Volatilization Correction Factor

Direct Injection

-

0.98-1.00

Broadcast (liquid/solid)

Immediate Incorporation

0.95-0.99

Broadcast (liquid)

No Incorporation

0.75-0.90

Broadcast (solid)

No Incorporation

0.70-0.85

Irrigation

No Incorporation

0.60-0.75


Iowa nitrogen management recommendations either come from the Yield Goal Method or the Maximum Return to Nitrogen concept. In the Yield Goal Method. As a base case for comparison, I will look at deep-pit swine manure testing at 50 lbs/N per 1000 gallons. In Iowa, the average yield times 1.1 is 215 bushels/acre of corn and 56 bushels/acre of soybean. Assuming a nitrogen use factor of 1.2 lb N/expected bushel of corn and a soybean credit of 50 lb N/acre, nitrogen application rates would be 208 lb N/acre to the corn phase of a corn-soybean rotation and 258 lb N/acre in a continuous corn rotation. The Corn nitrogen calculator would be 140 lb N/acre in a corn-soybean rotation and 188 lb N/acre in a continuous corn rotation. I'll show a figure of these results in just a second, but I also wanted to compare them to two neighboring states, Illinois and Minnesota. Second-year N availability was estimated in the continuous corn rotation as what didn't mineralize the first year.

 Illinois uses the same nitrogen volatilization recommendations as Iowa (they come from Midwest Plan Service) and uses the Midwest plan service method to estimate nitrogen availability from the manure. For swine manure with approximately 70% of the nitrogen in the ammonia form and a 35% mineralization factor, 80% of the nitrogen will be available in the first year. The second-year availability for the continuous corn rotation is estimated to be half of the amount mineralized from the organic nitrogen fraction, which amounts to approximately 2 pounds. The desired Nitrogen application rate for Illinois is selected using MRTN, but rather than the optimum value, the maximum within a $1 profit is recommended.

Minnesota suggests that 150 plant available pounds of N per acre should be applied in a corn-soybean rotation and 195 in a continuous corn rotation. In Minnesota, they don't separate corrections for availability and loss but incorporate both into a correction factor. They also provide a second-year availability factor of 15% for swine manure.

What does this mean? I put together this figure of nitrogen application rate recommendations, two for Iowa (Yield Goal and MRTN), to compare the suggested rates for Minnesota and Illinois. Note this is only for nitrogen and doesn't consider any phosphorus limitations that may restrict manure application.



Figure 1. Summary of recommended manure application rates for the corn phase of a corn—soybean rotation. Swine manure with 50 lb N per 1000 gallons, 70% ammonium with error bars set based on high and low suggestions for nitrogen availability and volatilization losses suggested within each state.

 
Figure 2. Summary of recommended manure application rates for a continuous corn rotation. Swine manure with 50 lb N per 1000 gallons, 70% ammonium with error bars set based on high and low suggestions for nitrogen availability and volatilization losses suggested within each state.

 As we look at this data, I came home with a few takeaways.

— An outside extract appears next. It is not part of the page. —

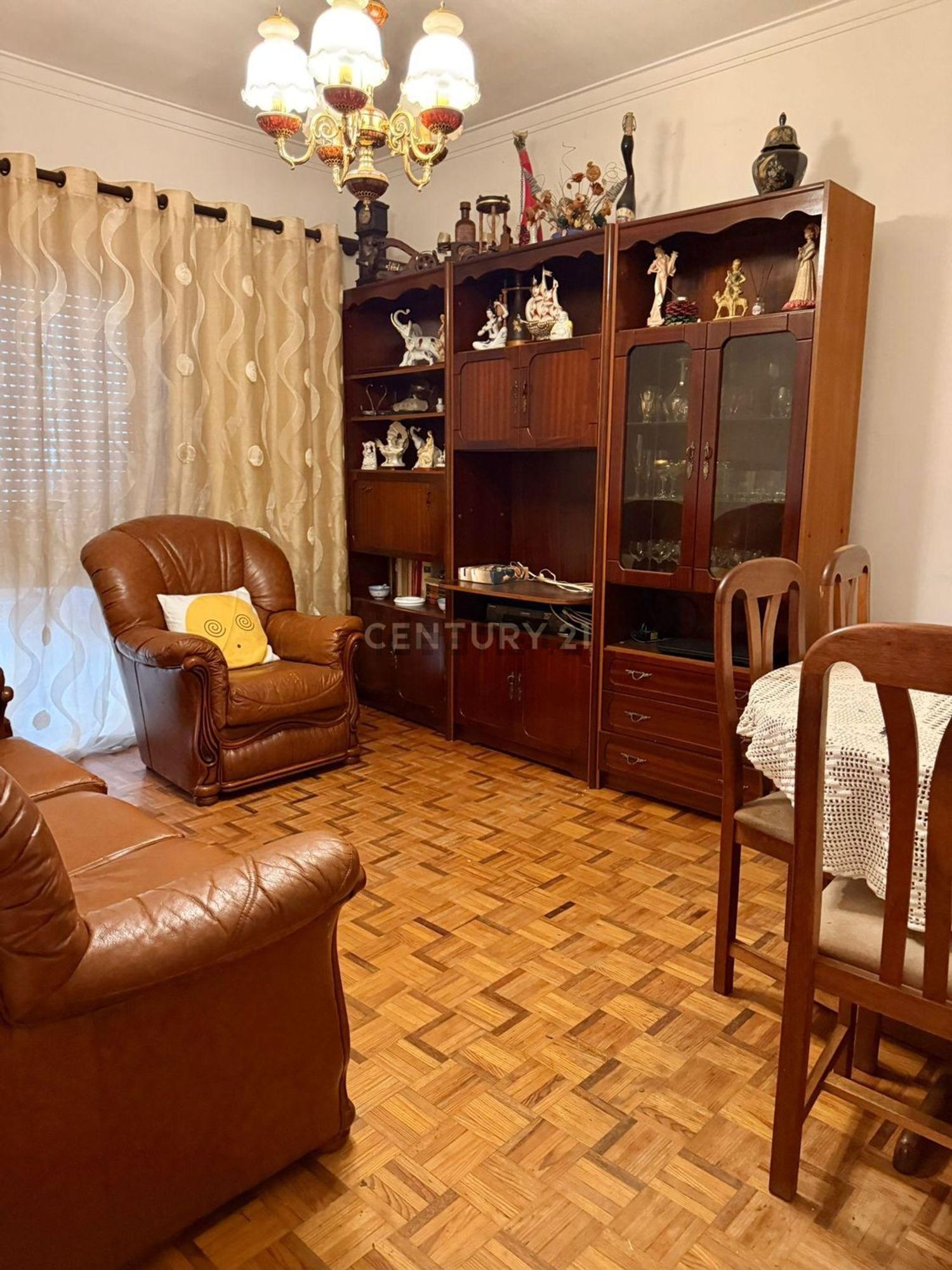 公寓 t3出售在Praceta Augusto Gil s/n - 客厅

The first being, the factor ammonia loss with broadcast application in Minnesota is much higher than in Iowa and Illinois, based on the Midwest Plan Service Methods. Iowa and Illinois have volatilization factors of 15-30%, while Minnesota uses ~45%. The difference in volatilization assumption makes a substantial change in the recommended application rate.

The two recommendations for Iowa make an interesting comparison. When using the yield goal approach, Iowa's recommendations are similar to those provided with the Illinois method. In the case of continuous corn, the Yield Goal method for Iowa tends to be slightly higher, while in the corn-soybean rotation marginally lower, but overall, the results are similar.

When we look at the recommendations resulting from using the MRTN for Iowa, the results are more comparable to the Minnesota recommendations. In the corn-soybean phase, Iowa's MRNT recommendation would be lower thanks to both the lower mineralization suggestion and the slightly higher N application recommendation.

Overall, these results indicate that Iowa's approaches place us within the context of the surrounding states.